El Paso Church Goes Political

Churches and religious organizations are absolutely prohibited from directly or indirectly participating in, or intervening in, any political campaign on behalf of (or in opposition to) any candidate for elective public office.

The above is from the Internal Revenue Service’s Tax Guide for Churches and Religious Organizations. Pretty straight-forward. So how does that jibe with this, courtesy of El Paso’s St. Raphael Catholic Church bulletin:

I am asking all of you to go to the polls and be united in replacing our present president with a president that will respect the Catholic Church in this country

Short answer: It doesn’t. It so, so doesn’t. And now Americans United for Separation of Church and State has asked the IRS for an investigation of St. Raphael.

This is just one example of a church rallying its members to vote for — or against — a political candidate and endangering its tax-exempt status in the process. El Paso has been embroiled in another similar controversy that arose after the city council voted to give health benefits to gay and unmarried partners of city employees. In that case, Pastor Tom Brown allegedly used church resources in an unsuccessful recall of the mayor and two city councilors.

But some churches actually invite a fight with the IRS. Pastor Jim Garlow, one of the organizers of Gov. Rick Perry’s pre-presidential candidacy prayer rally in Houston, encourages pastors to get political from the pulpit.
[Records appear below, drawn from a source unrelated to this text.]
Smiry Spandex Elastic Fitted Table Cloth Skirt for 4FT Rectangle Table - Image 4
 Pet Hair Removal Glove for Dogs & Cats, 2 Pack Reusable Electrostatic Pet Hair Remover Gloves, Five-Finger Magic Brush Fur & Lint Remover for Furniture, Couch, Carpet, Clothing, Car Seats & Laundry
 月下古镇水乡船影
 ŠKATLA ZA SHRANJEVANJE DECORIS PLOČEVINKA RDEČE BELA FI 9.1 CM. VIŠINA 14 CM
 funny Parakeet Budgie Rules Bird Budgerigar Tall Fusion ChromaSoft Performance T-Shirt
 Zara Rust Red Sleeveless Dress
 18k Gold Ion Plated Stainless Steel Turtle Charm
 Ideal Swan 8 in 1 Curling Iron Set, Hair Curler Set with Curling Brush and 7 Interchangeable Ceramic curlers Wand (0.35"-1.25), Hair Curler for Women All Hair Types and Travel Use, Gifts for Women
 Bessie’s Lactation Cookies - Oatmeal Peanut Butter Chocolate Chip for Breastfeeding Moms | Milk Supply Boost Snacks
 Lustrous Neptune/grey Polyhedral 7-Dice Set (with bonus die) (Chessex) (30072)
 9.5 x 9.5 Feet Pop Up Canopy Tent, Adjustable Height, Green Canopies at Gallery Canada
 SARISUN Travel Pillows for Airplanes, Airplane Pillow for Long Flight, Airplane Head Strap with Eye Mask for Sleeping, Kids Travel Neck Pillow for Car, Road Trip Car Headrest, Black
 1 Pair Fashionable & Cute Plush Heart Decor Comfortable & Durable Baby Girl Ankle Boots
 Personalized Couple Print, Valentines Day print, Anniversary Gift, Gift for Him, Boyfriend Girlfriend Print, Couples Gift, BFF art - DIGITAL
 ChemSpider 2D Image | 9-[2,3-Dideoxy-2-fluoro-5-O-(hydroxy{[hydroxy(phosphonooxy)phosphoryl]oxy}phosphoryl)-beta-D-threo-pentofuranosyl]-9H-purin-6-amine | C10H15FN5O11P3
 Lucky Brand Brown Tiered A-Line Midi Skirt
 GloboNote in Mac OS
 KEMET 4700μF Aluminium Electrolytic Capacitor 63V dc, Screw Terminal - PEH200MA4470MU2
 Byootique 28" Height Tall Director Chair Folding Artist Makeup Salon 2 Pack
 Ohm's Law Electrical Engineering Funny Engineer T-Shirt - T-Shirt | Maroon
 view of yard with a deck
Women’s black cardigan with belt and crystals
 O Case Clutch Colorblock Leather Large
Each year, on what Garlow calls Pulpit Freedom Sunday, pastors are called on to break IRS rules in hopes of triggering court fight on religious freedom court grounds.

In the latest El Paso case, the deacon of the Catholic Diocese of El Paso acknowledges the item in St. Raphael’s bulletin was inappropriate.

It’s unclear if anything else will come of this. As noted by Reuters, the IRS for its part has been largely silent on these issues.

3 thoughts on “El Paso Church Goes Political

  1. If as these politically active churches wish, they could be involved in an active way in the election of and advocacy for/or against laws and rules, then they must agree that the only course is to give up their tax exempt status as 501 (c)(3) organizations.
    What is lacking in this fight against the rules that govern these organizations is the backbone of the IRS to enforce the rules that are inherently part of tax exempt status. The people now demand an accounting for the refusal of the IRS to enforce the rules by which tax exempt status organizations are run.